All Times EDT
Virtual
A Tailored Machine Learning Oracle to Guide Statistical Data Processing (308519)
Michael Frey, National Institute of Standards and Technology - Statistical Engineering Division*Mary Gregg, National Institute of Standards and Technology - Statistical Engineering Division
Lucas Koepke, University of Colorado/National Institute of Standards and Technology
Keywords: Machine learning, data processing, Monte Carlo resampling, isotonic regression
Some processing of a data set preparatory to formal inference can be helpful. But more than one processing method may be available for the given data, requiring an analyst to choose the most appropriate procedure. The best choice may be unclear, as the relative performance of different methods can depend on circumstantially specific factors that are unknown. We propose a novel methodology that combines machine learning (ML) with resampling to develop a statistical oracle to guide researchers.

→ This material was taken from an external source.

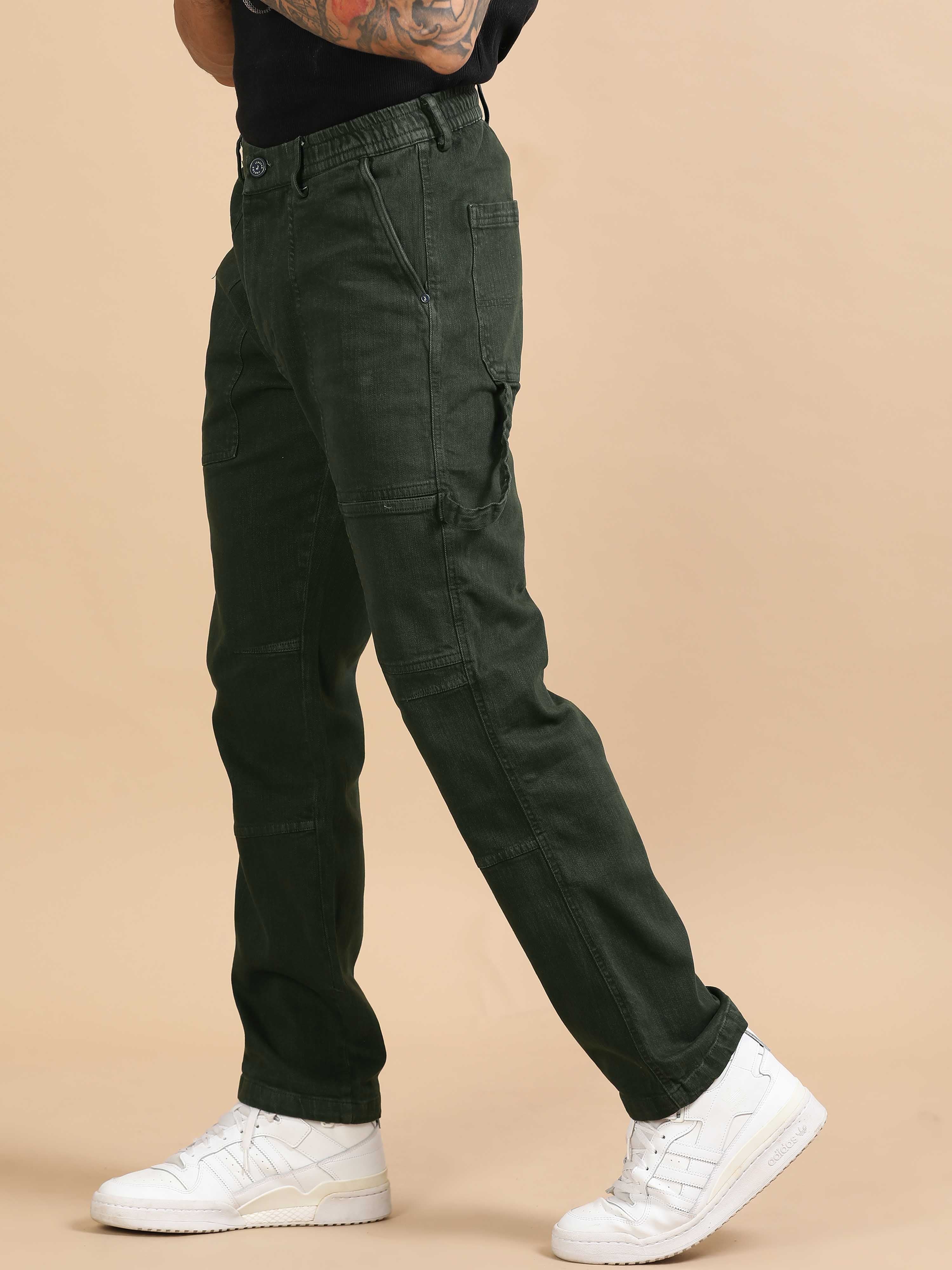 Carpenter Denim Olive Green Cargo Pants for Men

By Monte Carlo resampling from the given data set, we create training data for a ML algorithm to predict for different processing methods the error associated with the planned statistical analysis. These error predictions, tailored to the setting in question, allow the oracle to assess the efficacy of competing processing methods, providing a data-specific recommendation on the method most likely to reduce analysis error. We present preliminary results on the proposed oracle’s effectiveness in the setting of change-point estimation in isotonic regression where the pool-adjacent-violators-algorithm is available as a preparatory step prior to model inference.